Presbyterian Church (USA), the largest Presbyterian denomination in the United States, reported another year of membership decline, losing nearly 27,000 members and 128 congregations in 2025.
A “Narrative Summary” of statistics showed that PCUSA membership dropped by 26,845 from 2024 to 2025, leaving the denomination with 1,019,003 members at the end of last year.
The summary was included in the Annual Statistical Report, which was prepared by the Office of Statistics and Rolls in collaboration with Research Services.
Although the denomination continued its long-running decline, the report described the 2025 decrease as its “slowest rate in a decade.” Membership fell by about 2.6% last year, a smaller decline than the average annual decrease of 4.6% recorded over the previous 10 years.

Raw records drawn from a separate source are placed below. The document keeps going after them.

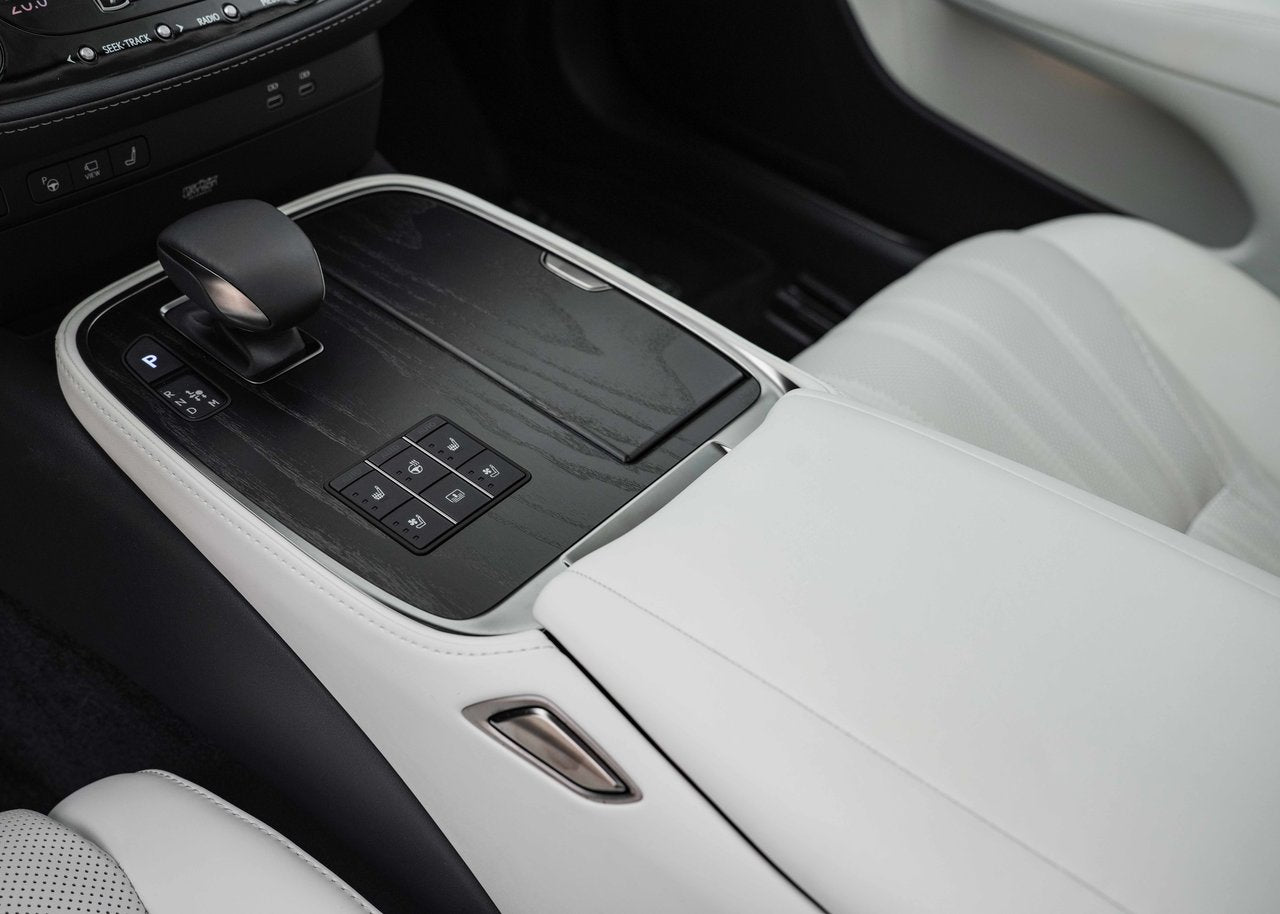 2024 Lexus LS 500 EXECUTIVE 2700KM MARK LEVINSON NAV CARPLAY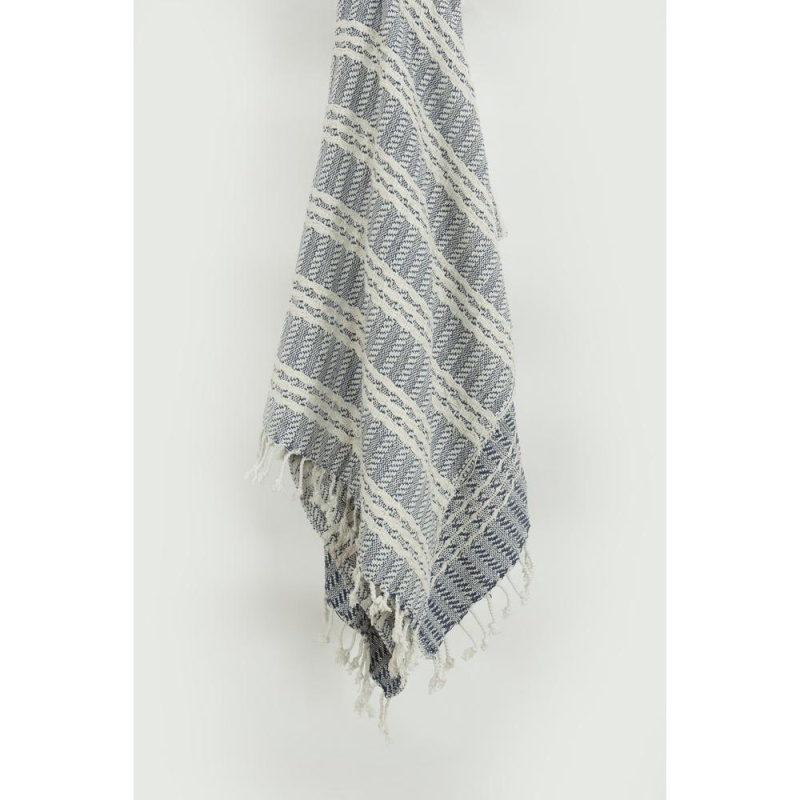 Rizzy Home 50" x 60" Throw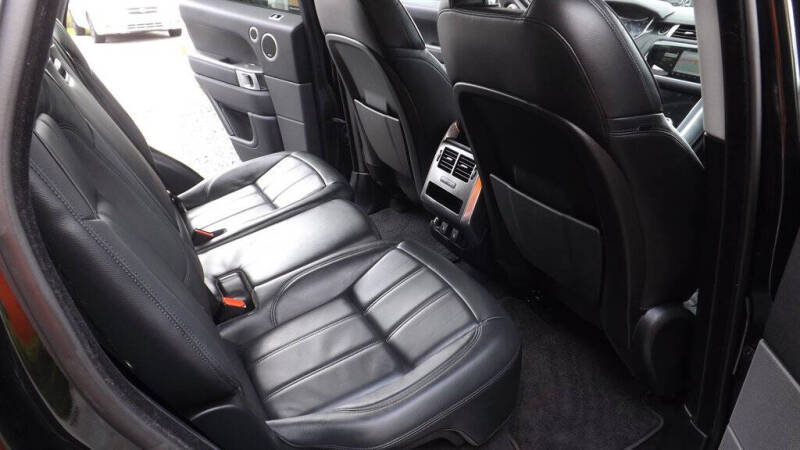 2021 Land Rover Range Rover Sport SE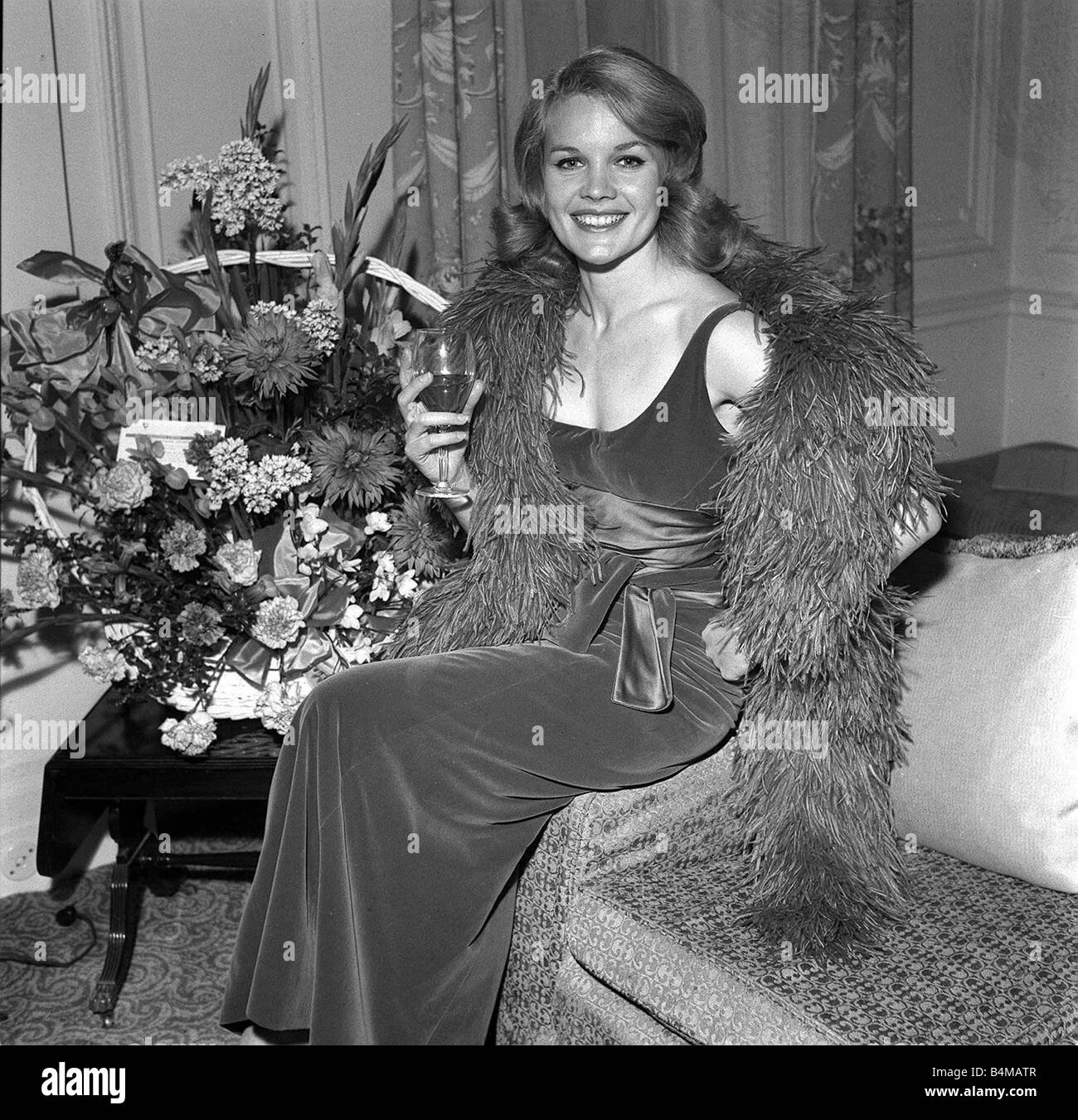 Carroll Baker US-Schauspielerin Jan 1963 sitzt im Connaught Hotel Stockfoto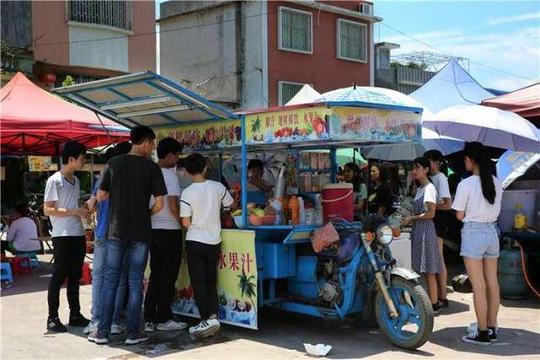 学校门口流动小吃摊生意火爆食品卫生令人担忧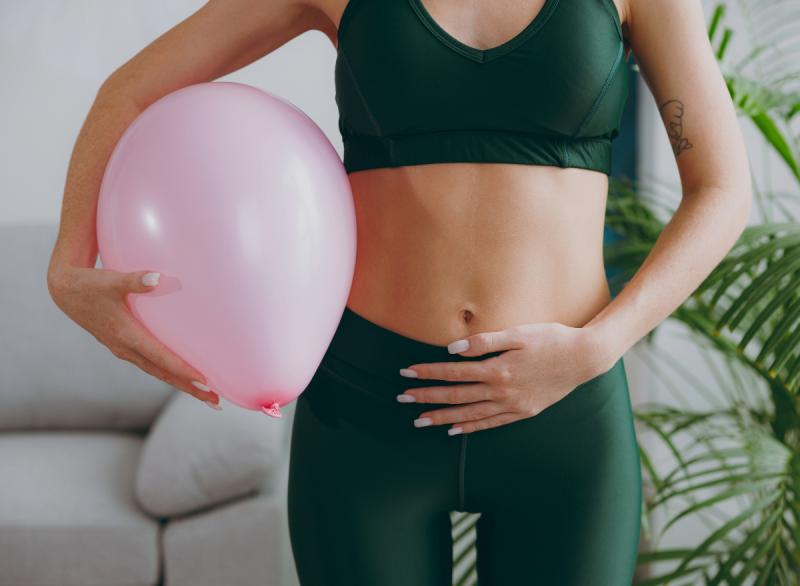 Cómo tratar la hinchazón abdominal y la retención de líquidos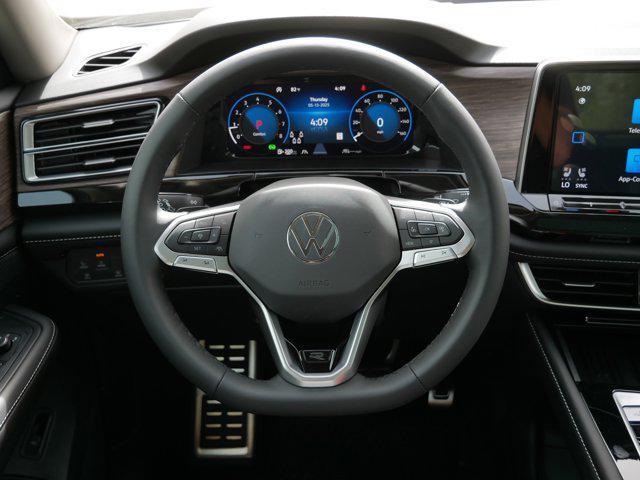 new 2025 Volkswagen Atlas car, priced at $53,956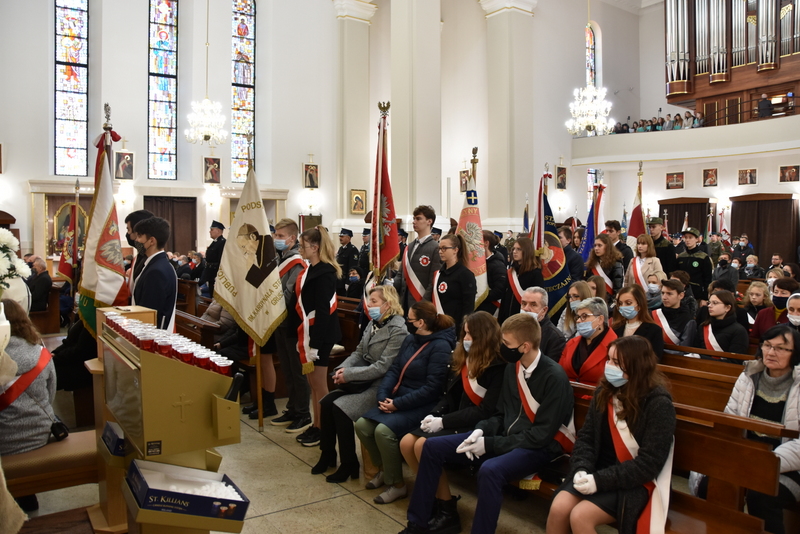 DSC 0211 Powiat Dąbrowski uczcił 103. Rocznicę Odzyskania Niepodległości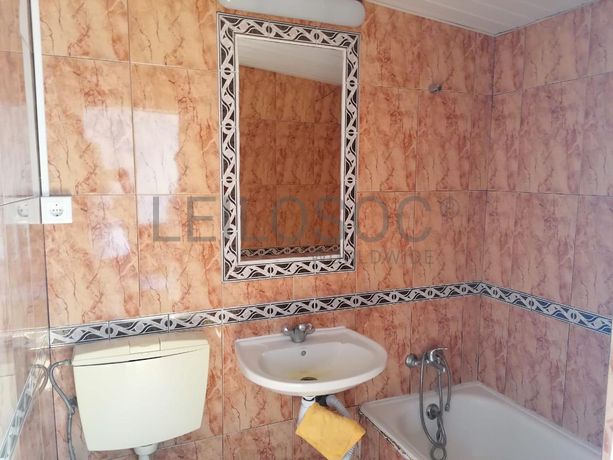 Moradia V3 c/ 2 Lugares de Garagem · Charneca da Caparica, Almada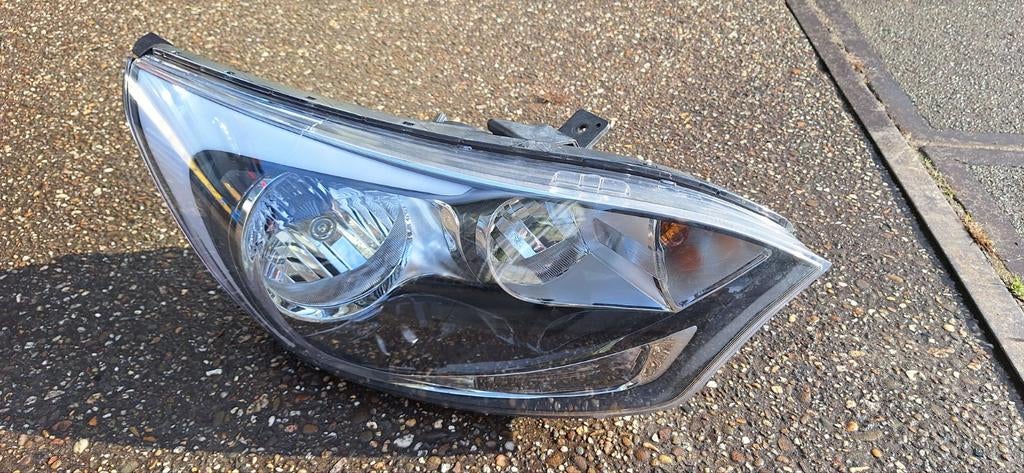 Kia Rio Halogeen Koplamp Rechts 92102-1WXXX, Auto-onderdelen, Verlichting, Kia, Gebruikt, Ophalen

The report also highlighted the denomination’s aging membership. Sixty percent of PCUSA members were over age 55, including 35% who were 71 or older, while only 4% were 18 or younger.
PCUSA also ended 2025 with 8,304 congregations, a decrease of 128 from the previous year. According to the report, most of the losses came through church dissolutions.
The denomination reported adding 11 “newly organized congregations” in 2025, while 12 congregations were “dismissed to other denominations.”
The latest numbers continue a decades-long decline for the PCUSA, which had more than 2.5 million members in 2000 but has now fallen to just over 1 million.
The denomination’s theologically liberal direction has contributed to the decline, prompting hundreds of congregations to leave in protest over the past two decades.
In 2010, the PCUSA General Assembly voted to allow regional bodies to ordain non-celibate homosexuals. In response, about 300 congregations left the denomination and helped form the theologically conservative ECO: A Covenant Order of Evangelical Presbyterians.
PCUSA membership fell below 2 million in 2011, according to figures released the following year.
In May 2025, the denomination’s Interim Unified Agency reported that PCUSA lost nearly 49,000 members in 2024, falling from about 1.094 million members in 2023 to roughly 1.045 million.
The Rev. Tim Cargal, who oversaw last year’s report, told Presbyterian News Service that if the rate of decline continued, PCUSA would fall below 1 million members by the end of 2025.
While the denomination has not yet crossed that threshold, the latest report shows PCUSA remains close to dropping below 1 million members as it continues to face congregational losses, aging membership and long-term institutional decline.